*Your goal*.
Each line from the start of the records through the line containing "Zilli сорочка чоловіча" is to be transcribed exactly, and no other line is to be included.

-- -- --

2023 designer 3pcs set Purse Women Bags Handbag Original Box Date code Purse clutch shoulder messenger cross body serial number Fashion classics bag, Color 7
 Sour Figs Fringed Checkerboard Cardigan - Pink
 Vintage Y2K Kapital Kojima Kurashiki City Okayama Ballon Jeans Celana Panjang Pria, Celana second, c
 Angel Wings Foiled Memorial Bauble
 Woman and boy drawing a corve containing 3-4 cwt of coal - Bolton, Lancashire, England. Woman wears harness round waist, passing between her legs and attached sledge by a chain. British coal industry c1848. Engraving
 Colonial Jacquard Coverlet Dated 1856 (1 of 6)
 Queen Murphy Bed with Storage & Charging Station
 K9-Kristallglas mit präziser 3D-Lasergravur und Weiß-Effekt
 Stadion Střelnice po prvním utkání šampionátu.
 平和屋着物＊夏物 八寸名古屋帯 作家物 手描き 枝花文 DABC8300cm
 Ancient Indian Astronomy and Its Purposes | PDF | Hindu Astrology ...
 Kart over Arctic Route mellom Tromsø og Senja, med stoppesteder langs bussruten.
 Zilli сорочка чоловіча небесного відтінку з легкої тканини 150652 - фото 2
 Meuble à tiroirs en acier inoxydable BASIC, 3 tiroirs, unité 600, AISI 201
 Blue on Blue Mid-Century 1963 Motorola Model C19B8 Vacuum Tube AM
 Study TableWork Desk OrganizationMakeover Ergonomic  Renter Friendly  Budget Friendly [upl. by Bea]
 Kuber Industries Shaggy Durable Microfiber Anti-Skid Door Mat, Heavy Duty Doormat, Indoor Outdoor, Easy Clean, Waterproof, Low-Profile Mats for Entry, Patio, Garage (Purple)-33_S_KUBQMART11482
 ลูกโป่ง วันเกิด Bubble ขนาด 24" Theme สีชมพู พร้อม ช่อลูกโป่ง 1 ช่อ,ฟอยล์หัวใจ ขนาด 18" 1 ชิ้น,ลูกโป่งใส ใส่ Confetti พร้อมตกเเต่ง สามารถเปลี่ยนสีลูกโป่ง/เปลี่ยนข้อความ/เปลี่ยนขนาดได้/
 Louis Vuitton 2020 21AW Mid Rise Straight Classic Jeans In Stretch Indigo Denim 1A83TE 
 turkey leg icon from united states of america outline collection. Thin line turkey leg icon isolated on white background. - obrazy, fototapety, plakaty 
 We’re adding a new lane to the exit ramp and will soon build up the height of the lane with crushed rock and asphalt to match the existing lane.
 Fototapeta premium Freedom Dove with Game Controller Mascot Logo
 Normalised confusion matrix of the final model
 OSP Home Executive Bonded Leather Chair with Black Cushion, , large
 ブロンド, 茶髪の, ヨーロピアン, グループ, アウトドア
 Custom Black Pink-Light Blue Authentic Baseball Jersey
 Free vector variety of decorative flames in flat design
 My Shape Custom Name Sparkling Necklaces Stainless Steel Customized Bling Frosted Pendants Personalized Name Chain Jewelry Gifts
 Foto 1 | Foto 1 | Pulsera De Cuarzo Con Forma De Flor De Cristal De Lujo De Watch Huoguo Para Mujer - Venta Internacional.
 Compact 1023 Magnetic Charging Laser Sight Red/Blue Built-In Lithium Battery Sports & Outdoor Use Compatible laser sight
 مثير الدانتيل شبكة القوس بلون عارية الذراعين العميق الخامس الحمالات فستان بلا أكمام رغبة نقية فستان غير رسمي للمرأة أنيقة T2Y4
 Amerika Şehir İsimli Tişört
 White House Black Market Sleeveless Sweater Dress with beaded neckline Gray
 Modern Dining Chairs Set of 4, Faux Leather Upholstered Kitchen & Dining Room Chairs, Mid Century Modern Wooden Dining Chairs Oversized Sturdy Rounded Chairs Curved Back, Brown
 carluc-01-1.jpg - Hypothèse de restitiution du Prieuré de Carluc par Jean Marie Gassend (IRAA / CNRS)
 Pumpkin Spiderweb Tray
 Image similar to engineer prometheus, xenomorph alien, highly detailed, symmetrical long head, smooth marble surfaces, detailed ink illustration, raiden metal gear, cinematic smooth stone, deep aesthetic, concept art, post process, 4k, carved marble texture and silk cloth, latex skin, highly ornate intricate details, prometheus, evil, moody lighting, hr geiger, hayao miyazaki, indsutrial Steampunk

-- -- --

*Your solution*.
2023 designer 3pcs set Purse Women Bags Handbag Original Box Date code Purse clutch shoulder messenger cross body serial number Fashion classics bag, Color 7
 Sour Figs Fringed Checkerboard Cardigan - Pink
 Vintage Y2K Kapital Kojima Kurashiki City Okayama Ballon Jeans Celana Panjang Pria, Celana second, c
 Angel Wings Foiled Memorial Bauble
 Woman and boy drawing a corve containing 3-4 cwt of coal - Bolton, Lancashire, England. Woman wears harness round waist, passing between her legs and attached sledge by a chain. British coal industry c1848. Engraving
 Colonial Jacquard Coverlet Dated 1856 (1 of 6)
 Queen Murphy Bed with Storage & Charging Station
 K9-Kristallglas mit präziser 3D-Lasergravur und Weiß-Effekt
 Stadion Střelnice po prvním utkání šampionátu.
 平和屋着物＊夏物 八寸名古屋帯 作家物 手描き 枝花文 DABC8300cm
 Ancient Indian Astronomy and Its Purposes | PDF | Hindu Astrology ...
 Kart over Arctic Route mellom Tromsø og Senja, med stoppesteder langs bussruten.
 Zilli сорочка чоловіча небесного відтінку з легкої тканини 150652 - фото 2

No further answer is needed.